Top of Material provided

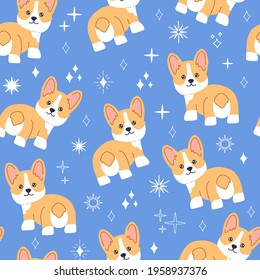 Kawaii corgi, little cute pet dog with smiling face and cute butt. Doggy seamless pattern on blue background with magic stars decoration. Hand drawn trendy modern illustration in flat cartoon style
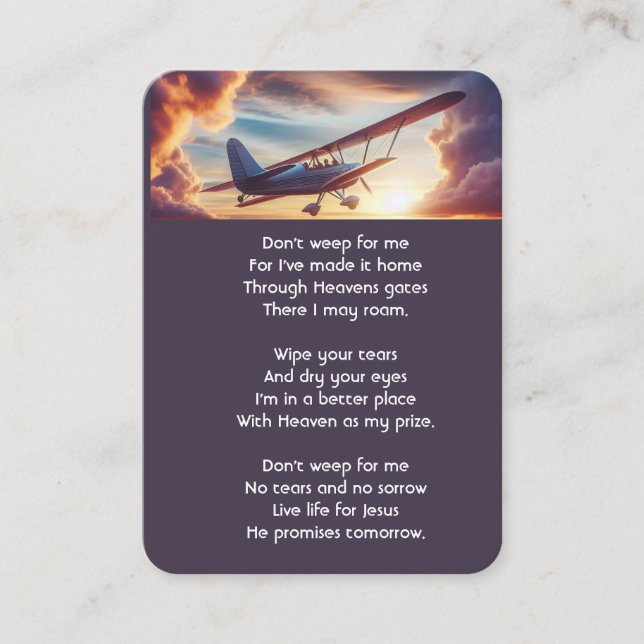 Christian Memorial Pilot Airplane Flying Sunset Business Card (Front)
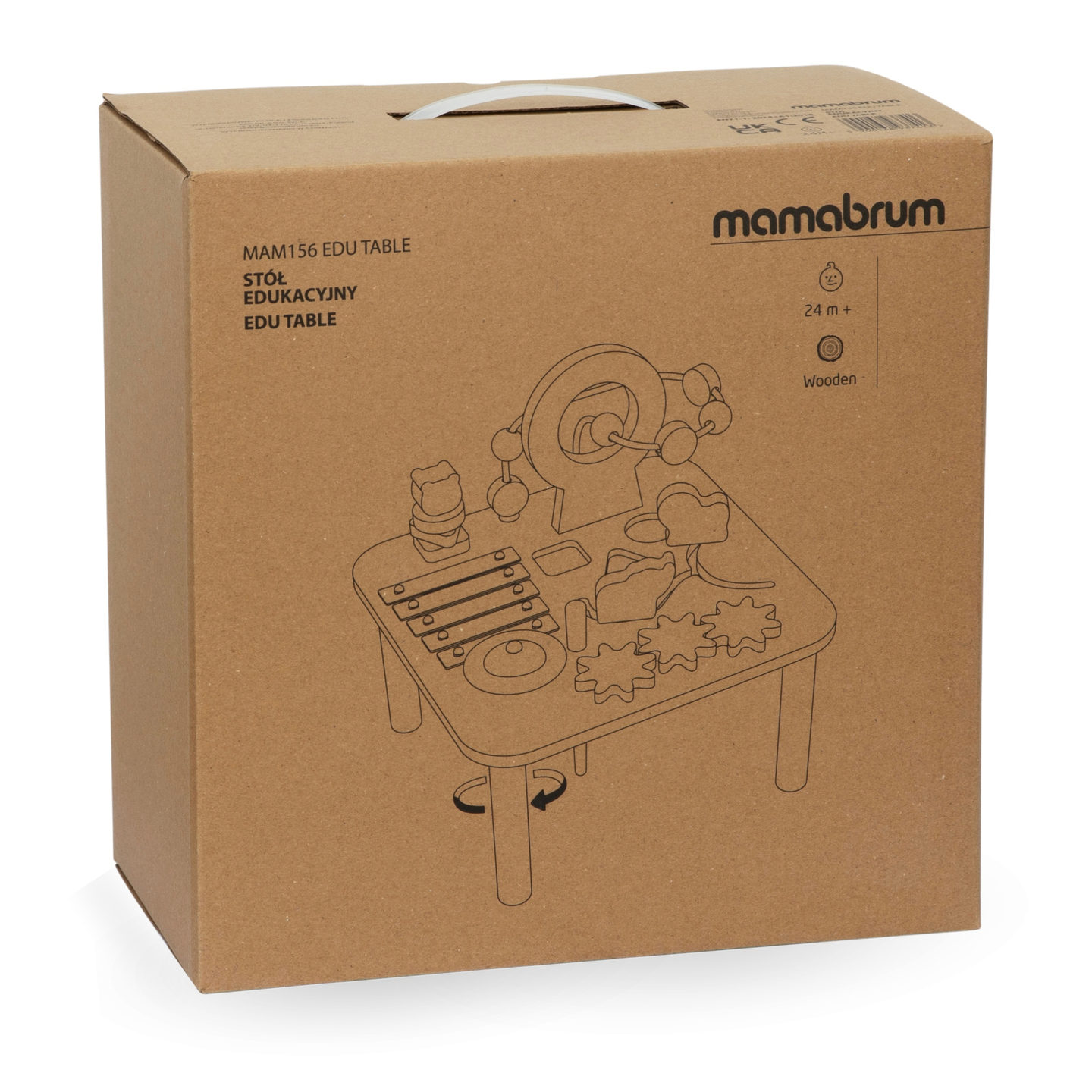 Mesa musical educacional 7 em 1 de madeira com pratos e gongo - selva selvagem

Bottom of Material provided

### Exercise instructions
Restate the data above word for word. Skip every picture.

### Exercise result
 Kawaii corgi, little cute pet dog with smiling face and cute butt. Doggy seamless pattern on blue background with magic stars decoration. Hand drawn trendy modern illustration in flat cartoon style
 Christian Memorial Pilot Airplane Flying Sunset Business Card (Front)
 Mesa musical educacional 7 em 1 de madeira com pratos e gongo - selva selvagem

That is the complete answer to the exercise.